Und schreibt fortan an einer neuen Geschichte: Die vom EM-Märchen, das den Fußball der Frauen in Deutschland endlich nachhaltig auf ein neues Level heben soll. "Mit unserem Erfolg sind wir ja mit daran beteiligt, wie es mit dem Frauenfußball in Deutschland weitergeht - das muss man schon so knallhart sagen", hatte Popp vor dem deutschen Turnierauftakt der "Süddeutschen Zeitung" gesagt. "Das ist uns bewusst, wir wissen um diesen gewissen Druck.

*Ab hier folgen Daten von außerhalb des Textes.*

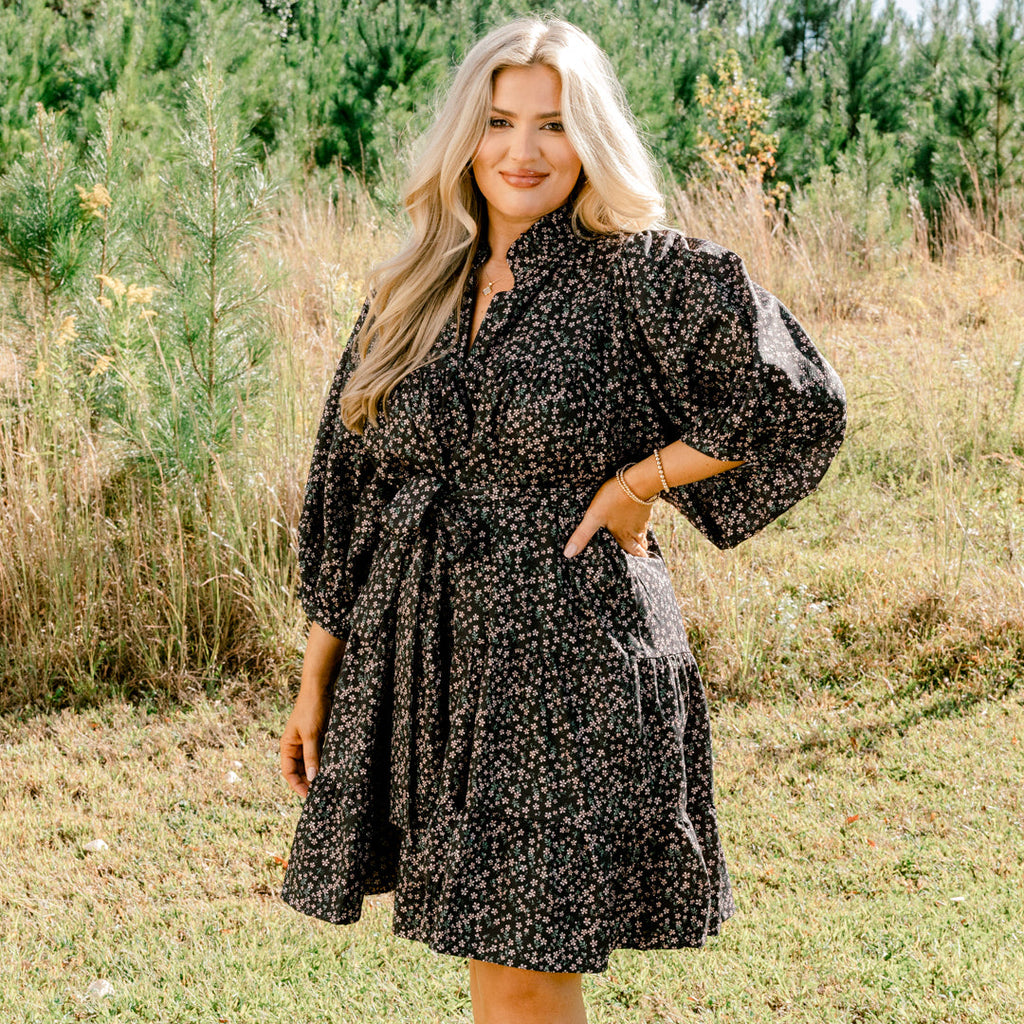 The Way It Goes Dress, Black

Jede einzelne von uns spielt nicht einfach so Fußball, wir wollen auch was bewegen und den Frauenfußball weiterentwickeln."

Spiel gegen Dänemark als Schlüssel

Popp selbst, eine der großen Persönlichkeiten des deutschen Fußballs der Frauen, arbeitet unermüdlich daran, ihre Sache voranzubringen. "Wir müssen einfach mehr Werbung für unsere Spiele machen. Darüber hinaus benötigen wir mehr TV-Präsenz, um den Frauenfußball noch sichtbarer zu machen", hatte die gelernte Zootierpflegerin vor dem Spiel ihres VfL Wolfsburg in der Champions League im Camp Nou des FC Barcelona gefordert. Dort lernte der deutsche Fußball vor einer Rekordkulisse von über 90.000 Menschen viel darüber, was auch im Frauenbereich möglich ist.

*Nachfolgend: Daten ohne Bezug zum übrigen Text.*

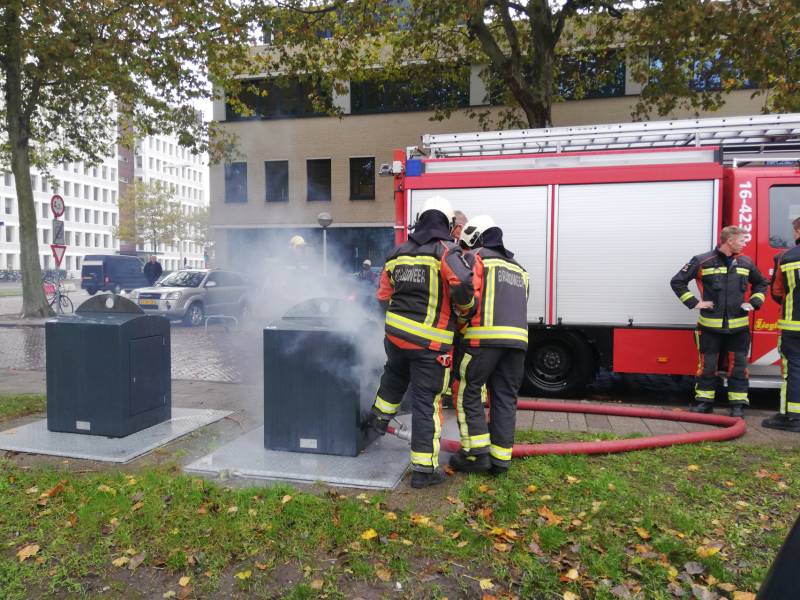 Brand in ondergrondse container Stationskwartier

Mit dem lockeren, phasenweise begeisternden Überspringen der komplizierten Auftakthürde Dänemark ist der Anfang gemacht: 5,95 Millionen Menschen sahen das Spiel im ZDF, die wenigsten dürften ihr Einschalten bereut haben. Und alle haben gelernt, dass die deutsche Mannschaft nach einer starken Vorbereitung voll drin ist in diesem Turnier: "Das Spiel gegen Dänemark wird der Schlüssel für das Turnier sein", hatte Voss-Tecklenburg Ende Juni nach dem erfolgreichen letzten Test gegen die Schweiz (7:0) prophezeit und wenn die Bundestrainerin recht behält, steht dem DFB-Team eine spannende, im besten Falle lange Reise bevor.

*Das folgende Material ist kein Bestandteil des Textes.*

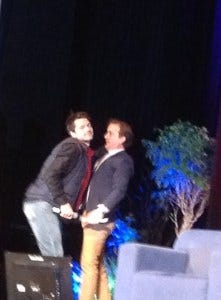 misha greets richard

Auf die Frage, ab wann diese EM denn eine erfolgreiche wäre, antwortete Alexandra Popp: "Da müssen wir schon vom Halbfinale sprechen." Die Bundestrainerin geht noch einen Schritt weiter, auch, weil sie um die Qualitäten ihrer speziellen Angreiferin weiß: "Poppi gibt immer alles, sie geht vorneweg. Sie ist eine der wenigen, die in der Lage ist, auch unangenehme Dinge auszusprechen. Sie ist ein Typ und nur mit Typen gewinnst du ein Turnier." Am Ende eines langen Weges dürften wohl gerne noch weitere Tränen stehen. Frische Freudentränen.